What does she do, you ask? She’s a music supervisor, and one of the few women to rise to such prominence in the industry. The role of music supervisor has expanded considerably in the past fifteen years or so to include legal finagling with record labels. I’d also argue that their role, depending on the project and the collaborative spirit of a director or show runner, warrants entitlement to authorial claims. As such, Patsavas is also the person largely responsible for the commercialization of indie rock during the 2000s, almost single-handedly catapulting bands like Death Cab for Cutie into mainstream success. She even has a hand in distribution, as the indie-friendly Twilight soundtracks that she developed were released on her record label, Chop Shop.
Thus, she’s been a figure I’ve followed obsessively during this decade, sometimes causing me to sniff that I’d never sell independent music out like she has and other times provoking me to growl “bitch took my job,” depending on my cash flow at the time.
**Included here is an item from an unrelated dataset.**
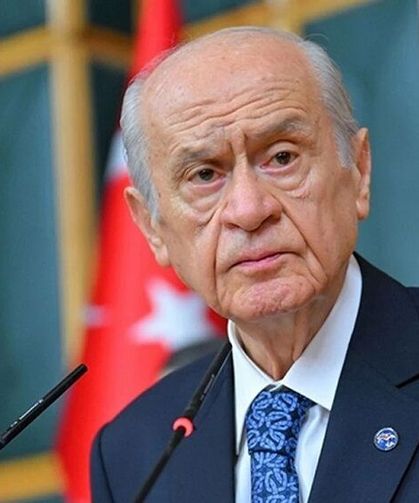 Devlet Bahçeli’den süreç ve ara seçim açıklaması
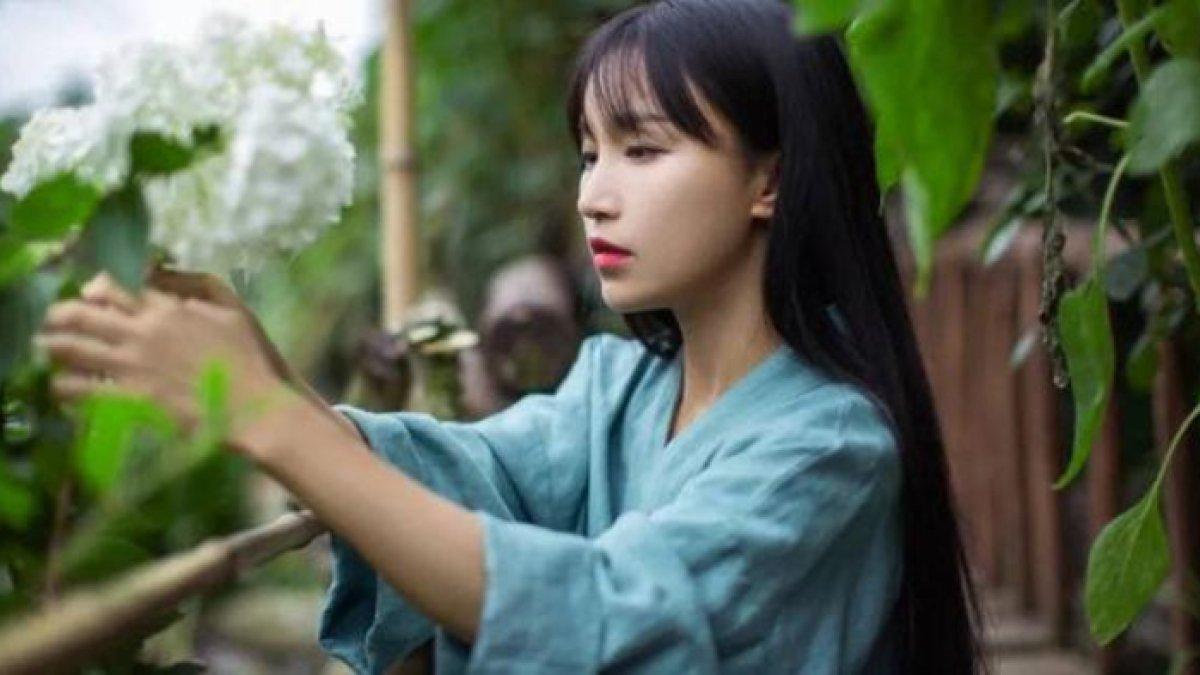 Siapa Li Ziqi? YouTuber Tiongkok yang Comeback Usai Hiatus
Either way, I’m fascinated with her and think we should think about her work more closely.
It seems I’m not alone in thinking Ms. Patsavas is interesting. In a previous post on designer Anna Sui and her Gossip Girl-inspired collection for Target, reader Alaina made an astute comment about the shared importance of music and fashion on the show. To her, if anyone on the trendsetting teen soap has the cultural clout akin to, say, Sex and the City costume designer Pat Field, it isn’t designer Eric Daman but music supervisor Patsavas.
Now, I don’t want to put words in her mouth so hopefully she’ll feel compelled to elaborate her point further. But I interpreted her comment to mean that Patsavas’s work on Schwartz’s television shows, which all feature characters who are tremendously literate in popular and independent music, creates a sense of authenticity both for the show and for the characters whose lives are changed and identities formed by the right song from Spoon, Sonic Youth, LCD Soundsystem, Death Cab for Cutie, Air, Daft Punk, or any other cool-kid music act. In fact, Seth Cohen and Dan and Jenny Humphrey might not even exist without her, as they certainly wouldn’t know what band names to drop. Thus, Patsavas creates a brand awareness akin to the sort of work Field did through Carrie Bradshaw in making Manolo Blahnik, Jimmy Choo, and Christian Louboutin such household names.
For me, though, perhaps her most fascinating work is on Mad Men, which is often period-appropriate but sometimes dabbles with pointed anachronism, thus potentially opening up inquiry about the show’s relationship to historical authenticity. The most jarring (and discussed) musical moment so far has been season two’s “Maidenform,” which opens to Betty Draper, Joan Holloway, and Peggy Olsen getting dressed to the galloping strains of The Decemberists’s “The Infanta,” a track off Picaresque that was released in 2005 and not 1962. I’m assuming she’s responsible for selecting the show’s theme as well, though imagine score composer David Carbonara or creator/show runner/auteur Matthew Weiner could be responsible. Regardless, this is easily the show’s most heard but least commented upon bit of anachronism.
As I mentioned in my comment to Gary Edgerton’s essay for In Media Res about the show’s opening credits, the theme song is not the work of Bernard Herrmann or a Carbonara approximation. It’s an instrumental version of a song called “A Beautiful Mine.” The people responsible for it are an instrumental hip hop artist named RDJ2, a rapper from Freestyle Fellowship named Aceyalone, and a period-appropriate violinist named Enoch Light, whose “Autumn Leaves” provides the basis for the tune. The song originally appeared on Acey’s Magnificent City.
Pointedly, his vocals are absent from the show’s theme. I suppose a black man’s rap might be too anachronistic for some. But I also think there’s something unsettling about such an argument. It may either provide a comment on the deliberate absence of people of color in a show set in pre-integration America or validate many of the show’s detractors who cry “racism!” I think it does both.
Thus, song selection matters. But of course, so do song selectors.